AI for Mobile Guideline Testing

jason arbon
5 min readDec 22, 2019

--

There is a painful corner of mobile app testing: Human Interface Guidelines (HIGs). HIGs define how applications should look and behave on mobile. This helps make sure that mobile apps are designed well and consistently for great user experiences. But, these guidelines come at the cost of unpredictable ship schedules and release schedules. HIGs are the Damocles Sword of mobile app development. It is time for a bit of AI to come to the rescue!

Unpredictable Release Schedules

Both Android and iOS have Human Interface Guidelines, but were Google Play has simple test bots, iOS has human reviewers to check for HIG compliance. When a developer pushes a new version of their application to the Google Play Store, they are supposed to understand and comply with the Android Design Guidelines, but the Play Store only does simple automated checks that the app is ‘stable’ and ‘virus-free’, and almost immediately lets the new version of the app deploy to the all its users.

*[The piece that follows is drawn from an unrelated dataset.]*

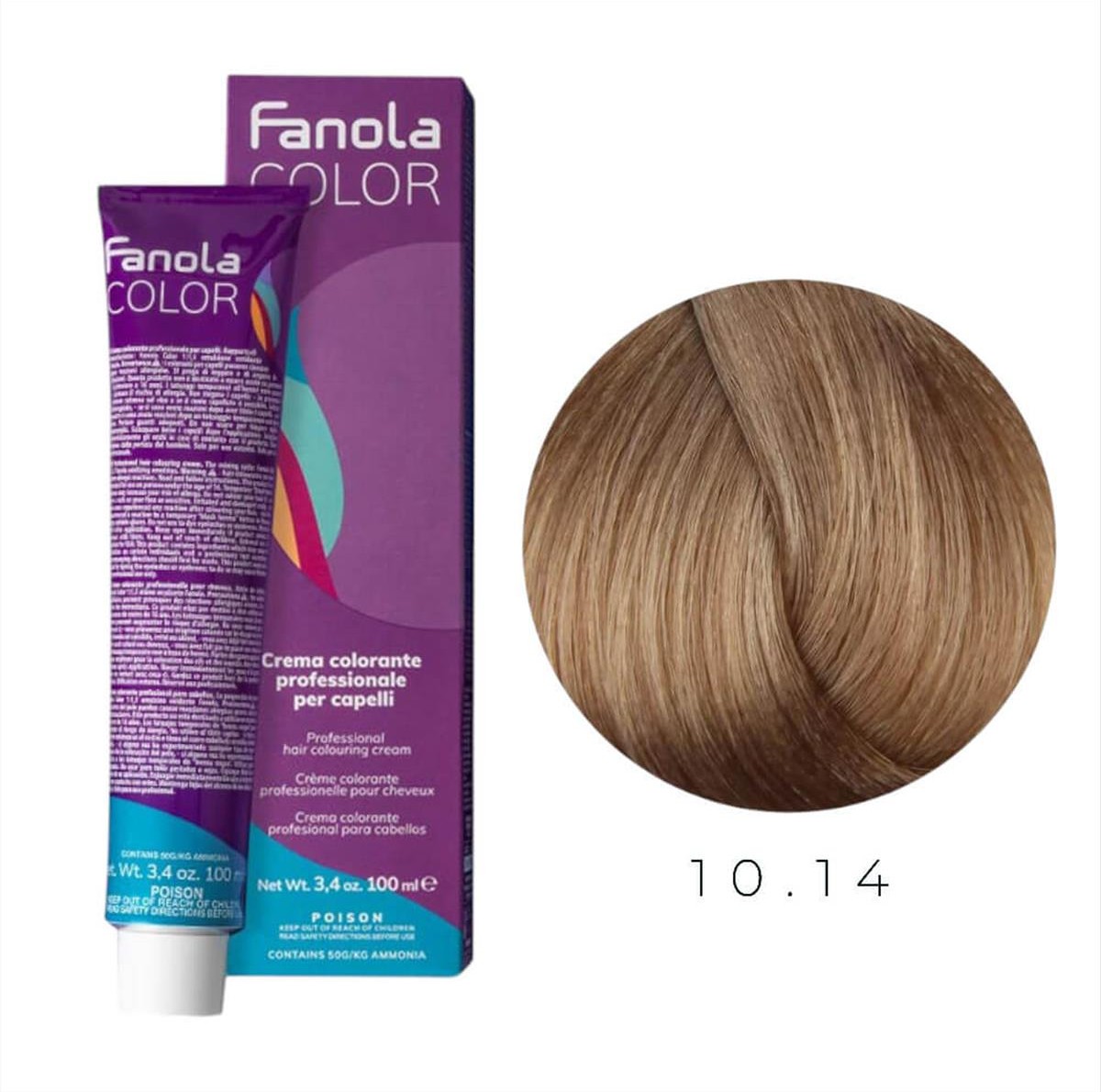 Βαφή Μαλλιών Fanola  10.14 Αμύγδαλο 100ml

On iOS, the same care is expected of developers to adhere to the iOS Human Interface Guidelines — but with the additional check of humans who actually verify compliance before the application is released to customers.

The problem for app teams is that when the human reviewers reject an app for HIG violations, it can take a day or so to find out about these violations, and the app developers and designers have to scramble to redesign and reimplement the user interface to comply, resubmit the application for review, and wait further to find out if the new version of the app is compliant. Worse, the app team has to cross their fingers hoping no new issues will be found in the new HIG review cycle.

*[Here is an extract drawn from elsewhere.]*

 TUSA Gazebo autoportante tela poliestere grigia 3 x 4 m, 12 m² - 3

Most app teams want and need to keep feature parity between both Android and iOS apps — meaning the Android (and Web!) app team finishes their build, but then waits an indefinite period of time until they know their iOS app can release, before releasing their Android app. Not only does this create some ‘sprint’ complexity, but companies also have to have new features ready far in advance of any pre-scheduled marketing announcements of new features. HIGs cause project management and testing headaches for app teams.

Worse, these HIG reviews are often done by different human reviewers when submitting to the iOS app store. Since the HIG criteria are numerous and somewhat open to fuzzy interpretation, the same build or same old features may be flagged as non-compliant anytime you release a new build. App teams cringe every time they release, never knowing what might get them rejected from the app store based on HIG reviews.

To help minimize the risk of HIG review rejections, some large companies with ten or more apps have small specialized teams that review all new app releases for possible violations before the company submits the new version for review. These teams can be expensive in money and time but is a necessity when teams want a predictable release cadence. Most smaller app teams just don't have the resources and their schedules are at the whim of these HIG reviews.

What are these guidelines anyway?

These guidelines are written with good intentions to protect the user experience, but they are numerous, and sometimes vague and open to interpretation. Some examples:

  • When possible, present choices. Make data entry as efficient as possible. Consider using a picker or table instead of a text field, for example, because it’s easier to choose from a list of predefined options than to type a response.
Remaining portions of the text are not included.